Observability is the ability to understand what a system is doing from its external outputs. The three pillars are logs (what happened), metrics (how much and how fast), and distributed traces (where time was spent across services). A system with all three lets you move from alert to root cause without guessing. Logs should be structured JSON — machine-readable and filterable. Metrics expose counters, gauges, and histograms — request rate, error rate, and latency percentiles (p50, p95, p99) are the minimum set. Distributed tracing assigns a trace ID to every request that propagates across service boundaries — each service records a span, and the trace view shows the full call tree with timing.

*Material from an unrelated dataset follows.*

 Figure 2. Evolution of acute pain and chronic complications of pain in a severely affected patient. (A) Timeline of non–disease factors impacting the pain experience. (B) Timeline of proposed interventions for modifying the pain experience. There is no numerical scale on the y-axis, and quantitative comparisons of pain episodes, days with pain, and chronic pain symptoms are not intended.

OpenTelemetry is the vendor-neutral standard for all three; emit once, ship to any backend.

Before
Unstructured logs — impossible to query
// Cannot filter, aggregate, or alert on this
console.log("User 123 placed order 456 for $99.00");
console.log("Error processing payment for order 456");

// Try answering: "orders over $50 that failed last hour"
// → impossible without parsing free-form strings
After
Structured logs + metrics + trace context
// Structured log — filterable by any field
logger.info({
  event: 'order.placed',
  userId: '123',
  orderId: '456',
  amount: 99.00,
  traceId: span.traceId,   // links log to trace
});

// Metric — alertable, graphable
orderCounter.inc({ status: 'success' });
orderLatency.observe(Date.now() - startTime);

Key Takeaway

Structured logs, p99 latency metrics, and distributed traces are not optional in production — they are how you find problems before customers do.